| Work order |
Your output should be the lines of the entries below, exactly, from the first one through the line that holds "Leaping for the".

| Information provided |
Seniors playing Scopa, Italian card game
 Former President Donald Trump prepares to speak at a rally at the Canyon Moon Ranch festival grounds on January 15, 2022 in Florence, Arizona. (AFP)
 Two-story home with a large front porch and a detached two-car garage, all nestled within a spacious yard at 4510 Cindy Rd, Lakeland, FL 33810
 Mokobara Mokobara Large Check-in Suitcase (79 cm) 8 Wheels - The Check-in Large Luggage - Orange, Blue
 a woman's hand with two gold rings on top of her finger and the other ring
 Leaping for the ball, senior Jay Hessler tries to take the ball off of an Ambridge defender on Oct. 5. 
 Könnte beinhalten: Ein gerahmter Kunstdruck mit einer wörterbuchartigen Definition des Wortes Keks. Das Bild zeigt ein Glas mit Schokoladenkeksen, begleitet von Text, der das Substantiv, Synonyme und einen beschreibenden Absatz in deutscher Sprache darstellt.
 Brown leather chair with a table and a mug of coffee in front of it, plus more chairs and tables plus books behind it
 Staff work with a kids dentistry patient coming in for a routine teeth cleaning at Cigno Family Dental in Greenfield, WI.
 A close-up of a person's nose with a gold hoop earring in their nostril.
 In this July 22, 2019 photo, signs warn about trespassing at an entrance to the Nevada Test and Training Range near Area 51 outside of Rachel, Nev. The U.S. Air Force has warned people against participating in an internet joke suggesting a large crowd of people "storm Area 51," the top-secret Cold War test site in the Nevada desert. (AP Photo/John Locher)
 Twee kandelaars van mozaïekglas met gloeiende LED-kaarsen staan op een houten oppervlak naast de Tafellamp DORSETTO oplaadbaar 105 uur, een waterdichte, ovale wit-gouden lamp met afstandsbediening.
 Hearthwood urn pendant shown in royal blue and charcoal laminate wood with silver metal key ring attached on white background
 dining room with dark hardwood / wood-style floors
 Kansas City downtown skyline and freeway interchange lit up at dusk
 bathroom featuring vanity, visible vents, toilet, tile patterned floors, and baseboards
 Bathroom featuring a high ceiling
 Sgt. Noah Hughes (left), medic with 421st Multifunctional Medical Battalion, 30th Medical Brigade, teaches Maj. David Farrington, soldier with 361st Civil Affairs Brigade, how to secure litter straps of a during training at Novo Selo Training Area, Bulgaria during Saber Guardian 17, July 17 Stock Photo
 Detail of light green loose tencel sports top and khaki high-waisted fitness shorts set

| Output for this task |
Seniors playing Scopa, Italian card game
 Former President Donald Trump prepares to speak at a rally at the Canyon Moon Ranch festival grounds on January 15, 2022 in Florence, Arizona. (AFP)
 Two-story home with a large front porch and a detached two-car garage, all nestled within a spacious yard at 4510 Cindy Rd, Lakeland, FL 33810
 Mokobara Mokobara Large Check-in Suitcase (79 cm) 8 Wheels - The Check-in Large Luggage - Orange, Blue
 a woman's hand with two gold rings on top of her finger and the other ring
 Leaping for the ball, senior Jay Hessler tries to take the ball off of an Ambridge defender on Oct. 5. 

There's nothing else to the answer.